Occurrence of bottlenose dolphins (Tursiops truncatus) in the Río Negro Estuary, Argentina, and their mid-distance movements along the northeastern Patagonian coast
A systematic study was carried out on bottlenose dolphins (Tursiops truncatus) in the Río Negro Estuary (RNE), Patagonia, Argentina, to analyze their occurrence and activity patterns in this region. The photo-identification data of this study was further compared to data from an adjacent region to gain information on the animals' movements along the northeastern Patagonian coast. Information was gathered through land-based observations between the
months of March and July of 2008 up to 2011. Data on dolphin activity patterns were collected via an ad libitum focal-group sampling mode.

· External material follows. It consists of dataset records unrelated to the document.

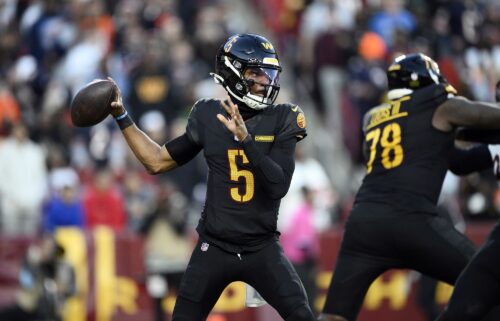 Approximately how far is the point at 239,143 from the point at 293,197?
5937 millimetres

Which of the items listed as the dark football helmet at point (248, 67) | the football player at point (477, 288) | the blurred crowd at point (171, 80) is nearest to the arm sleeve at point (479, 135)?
the football player at point (477, 288)

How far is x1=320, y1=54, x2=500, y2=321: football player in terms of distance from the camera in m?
7.12

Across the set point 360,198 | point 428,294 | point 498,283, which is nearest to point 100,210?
point 428,294

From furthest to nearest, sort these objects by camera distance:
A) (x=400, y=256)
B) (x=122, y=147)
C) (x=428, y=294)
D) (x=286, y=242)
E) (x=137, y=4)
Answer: (x=137, y=4) < (x=122, y=147) < (x=286, y=242) < (x=428, y=294) < (x=400, y=256)

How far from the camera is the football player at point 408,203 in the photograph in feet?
23.4

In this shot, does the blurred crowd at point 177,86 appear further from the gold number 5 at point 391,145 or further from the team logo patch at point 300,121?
the team logo patch at point 300,121

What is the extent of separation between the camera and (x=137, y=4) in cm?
1540

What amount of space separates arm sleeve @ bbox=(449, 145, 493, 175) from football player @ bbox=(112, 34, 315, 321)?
130 cm

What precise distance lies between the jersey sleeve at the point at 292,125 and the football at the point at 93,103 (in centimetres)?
103

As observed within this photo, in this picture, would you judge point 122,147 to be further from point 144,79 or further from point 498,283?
point 498,283

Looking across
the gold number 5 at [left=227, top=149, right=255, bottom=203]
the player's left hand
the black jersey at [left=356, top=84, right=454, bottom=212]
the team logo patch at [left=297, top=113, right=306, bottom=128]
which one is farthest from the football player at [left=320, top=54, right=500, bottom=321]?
the player's left hand

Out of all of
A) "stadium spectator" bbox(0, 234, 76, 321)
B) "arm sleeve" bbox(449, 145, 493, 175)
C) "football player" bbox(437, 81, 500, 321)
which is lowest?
"stadium spectator" bbox(0, 234, 76, 321)

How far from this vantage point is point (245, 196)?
21.9 ft

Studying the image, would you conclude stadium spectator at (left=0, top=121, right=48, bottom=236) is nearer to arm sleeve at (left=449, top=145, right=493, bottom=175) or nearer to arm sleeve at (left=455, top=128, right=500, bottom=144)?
arm sleeve at (left=449, top=145, right=493, bottom=175) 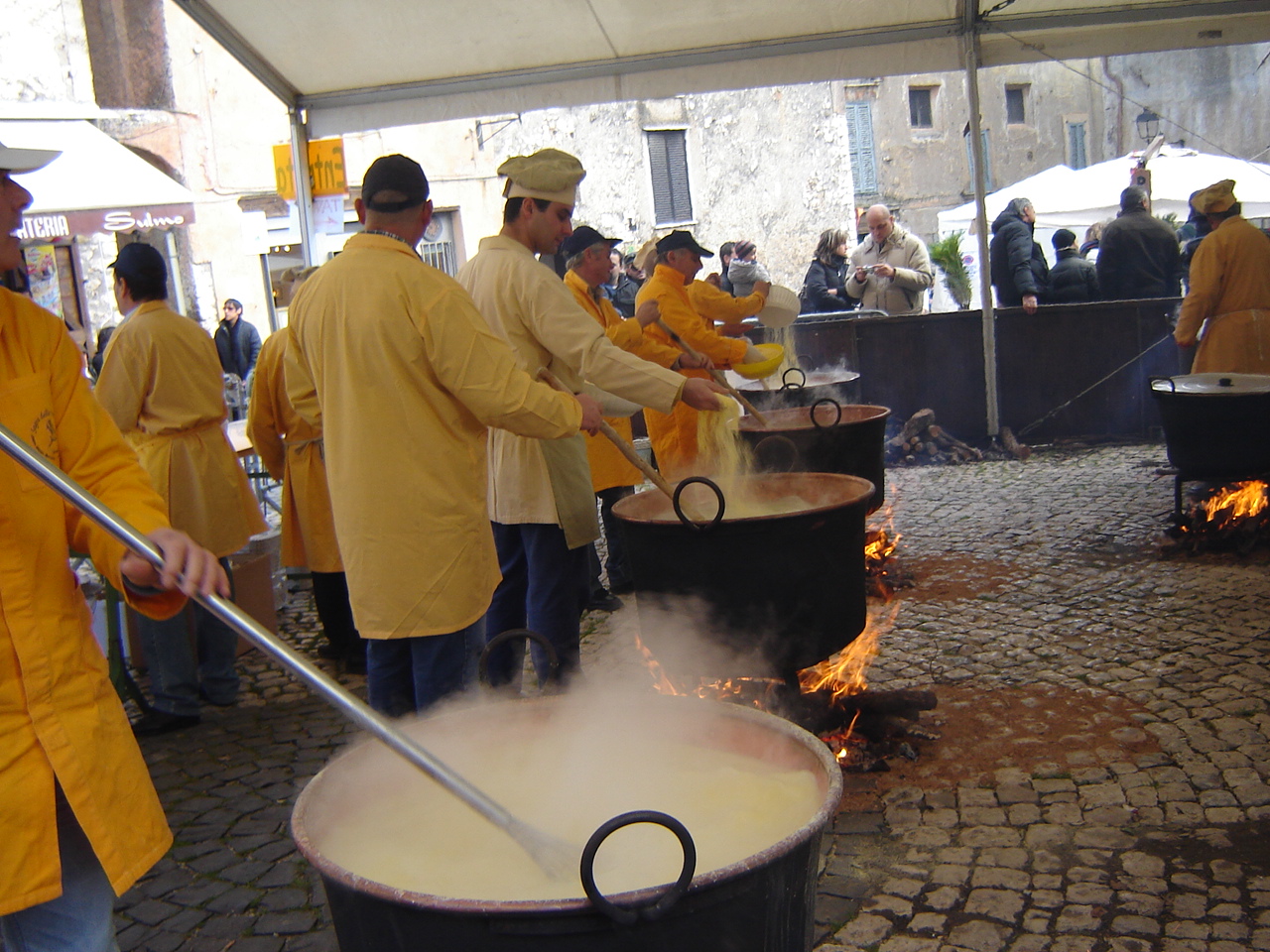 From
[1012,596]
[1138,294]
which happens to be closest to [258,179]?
[1138,294]

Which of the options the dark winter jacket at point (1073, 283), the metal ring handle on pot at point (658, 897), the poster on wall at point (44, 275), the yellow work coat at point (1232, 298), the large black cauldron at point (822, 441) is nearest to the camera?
the metal ring handle on pot at point (658, 897)

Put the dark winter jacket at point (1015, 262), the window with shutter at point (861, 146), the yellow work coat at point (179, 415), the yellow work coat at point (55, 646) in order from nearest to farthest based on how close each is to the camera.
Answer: the yellow work coat at point (55, 646) → the yellow work coat at point (179, 415) → the dark winter jacket at point (1015, 262) → the window with shutter at point (861, 146)

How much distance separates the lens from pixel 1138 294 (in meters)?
9.64

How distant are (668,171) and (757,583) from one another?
898 inches

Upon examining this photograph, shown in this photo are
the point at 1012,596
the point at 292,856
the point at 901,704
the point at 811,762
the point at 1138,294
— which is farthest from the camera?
the point at 1138,294

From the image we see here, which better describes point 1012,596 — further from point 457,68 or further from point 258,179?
point 258,179

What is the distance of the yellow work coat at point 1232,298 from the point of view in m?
6.71

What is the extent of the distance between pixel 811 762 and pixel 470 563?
1.33 meters

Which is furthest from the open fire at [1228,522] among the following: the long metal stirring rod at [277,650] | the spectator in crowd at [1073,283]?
the long metal stirring rod at [277,650]

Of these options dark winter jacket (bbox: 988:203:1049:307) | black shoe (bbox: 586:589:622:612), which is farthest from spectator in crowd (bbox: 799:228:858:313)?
black shoe (bbox: 586:589:622:612)

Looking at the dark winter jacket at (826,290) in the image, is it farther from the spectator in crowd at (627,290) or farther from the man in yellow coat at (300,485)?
the man in yellow coat at (300,485)

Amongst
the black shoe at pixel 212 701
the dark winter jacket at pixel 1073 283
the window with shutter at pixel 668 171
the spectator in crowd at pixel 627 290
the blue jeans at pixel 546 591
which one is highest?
the window with shutter at pixel 668 171

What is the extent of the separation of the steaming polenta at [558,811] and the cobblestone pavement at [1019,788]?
933mm

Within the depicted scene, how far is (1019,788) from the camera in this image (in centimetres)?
341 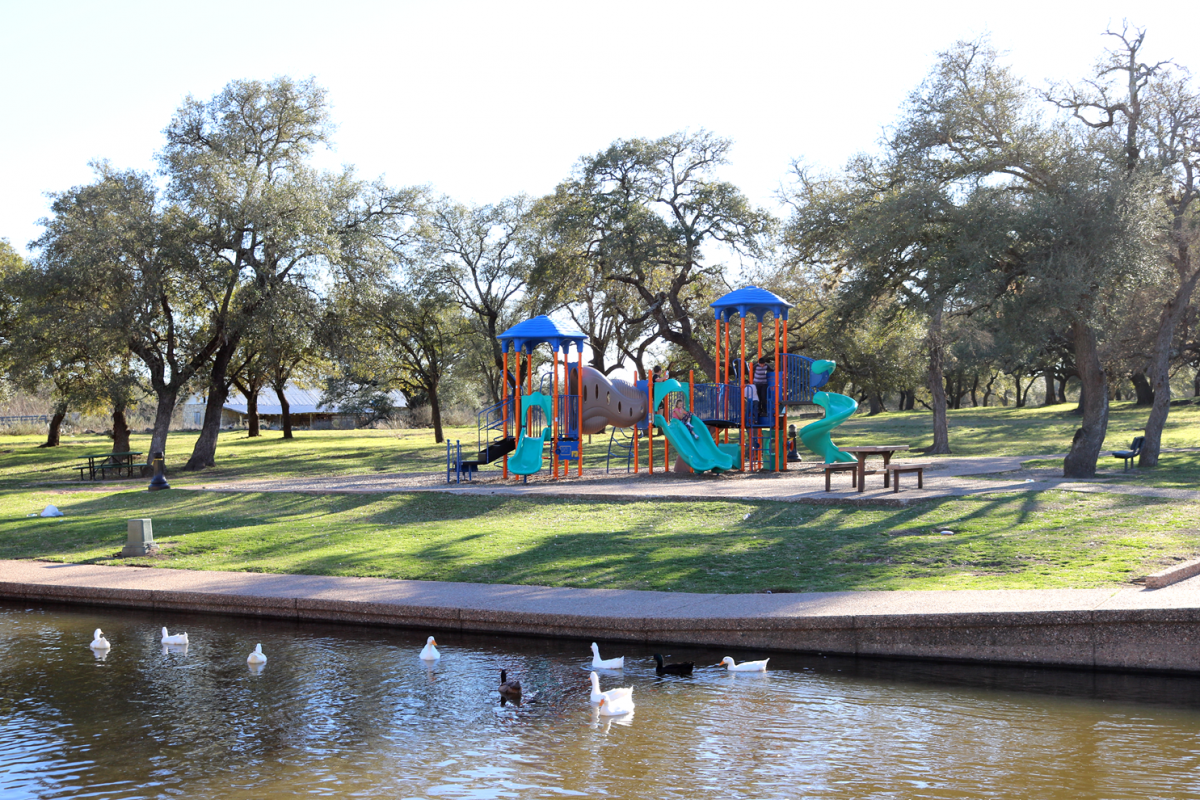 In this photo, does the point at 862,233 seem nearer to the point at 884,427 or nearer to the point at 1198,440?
the point at 1198,440

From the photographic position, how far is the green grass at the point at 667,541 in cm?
1133

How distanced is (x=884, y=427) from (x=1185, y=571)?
1407 inches

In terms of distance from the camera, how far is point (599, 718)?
751 cm

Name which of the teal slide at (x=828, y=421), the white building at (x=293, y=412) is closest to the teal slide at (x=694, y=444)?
the teal slide at (x=828, y=421)

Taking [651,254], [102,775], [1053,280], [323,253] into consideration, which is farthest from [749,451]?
[102,775]

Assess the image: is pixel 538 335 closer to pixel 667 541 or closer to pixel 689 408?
pixel 689 408

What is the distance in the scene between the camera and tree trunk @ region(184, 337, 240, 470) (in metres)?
32.2

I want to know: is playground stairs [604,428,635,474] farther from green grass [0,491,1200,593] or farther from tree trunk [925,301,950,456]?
tree trunk [925,301,950,456]

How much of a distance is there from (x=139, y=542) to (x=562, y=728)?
1009 cm

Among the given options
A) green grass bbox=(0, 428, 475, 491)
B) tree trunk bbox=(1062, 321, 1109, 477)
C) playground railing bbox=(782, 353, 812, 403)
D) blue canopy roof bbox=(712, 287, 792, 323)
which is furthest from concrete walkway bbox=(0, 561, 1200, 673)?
green grass bbox=(0, 428, 475, 491)

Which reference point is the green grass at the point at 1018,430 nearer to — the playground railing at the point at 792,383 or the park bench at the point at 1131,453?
the park bench at the point at 1131,453

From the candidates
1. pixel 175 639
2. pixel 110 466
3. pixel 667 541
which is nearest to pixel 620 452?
pixel 110 466

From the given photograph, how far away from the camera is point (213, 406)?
1320 inches

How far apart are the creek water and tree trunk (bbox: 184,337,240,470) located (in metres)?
23.8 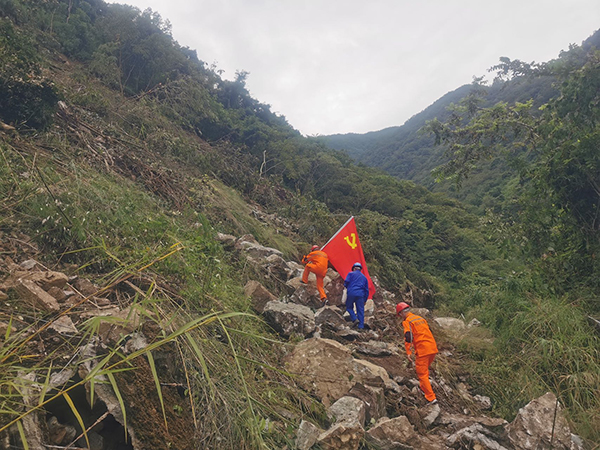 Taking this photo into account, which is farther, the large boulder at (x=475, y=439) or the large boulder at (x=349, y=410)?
the large boulder at (x=475, y=439)

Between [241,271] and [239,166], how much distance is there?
648 cm

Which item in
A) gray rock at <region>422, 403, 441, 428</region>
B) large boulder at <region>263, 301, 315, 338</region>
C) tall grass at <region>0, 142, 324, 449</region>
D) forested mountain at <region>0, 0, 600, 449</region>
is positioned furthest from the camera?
large boulder at <region>263, 301, 315, 338</region>

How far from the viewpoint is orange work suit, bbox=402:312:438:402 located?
341 centimetres

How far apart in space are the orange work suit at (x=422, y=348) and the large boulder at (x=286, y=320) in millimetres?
1045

At the same time, dorsal fin images were obtained from as many dolphins as possible for
identification and subsequent re-identification of individuals. Total effort equaled 188h, resulting in 58h of observation of 124 dolphin groups [sightings per unit effort (SPUE) = 0.66 group/h]. Most of the groups observed contained between one and five individuals, and two main activity states could be determined, namely traveling (65%) and foraging (26%). The photo-identification effort, which started opportunistically in 2006, resulted in a catalogue of 17 individual dolphins, with a total mean re-identification rate of nine days (max. = 24 days). When comparing these pictures to the existing catalogue of Bahía San Antonio (BSA; approximately 200km west from the study area) dorsal fins of 15 individuals could be matched and most (n = 12) could be subsequently re-identified in both areas, indicating their long distance movements along the northeastern Patagonian coast during the austral autumn months. This season
coincides with the lowest dolphin abundance and feeding activity in BSA. This study indicates that bottlenose dolphins enter the RNE to forage at least during autumn. It further suggests that the search for food resources is the main trigger for their movement patterns along the northeastern Patagonian coast during this season, at least for certain individuals. More research is needed to accurately confirm these hypotheses.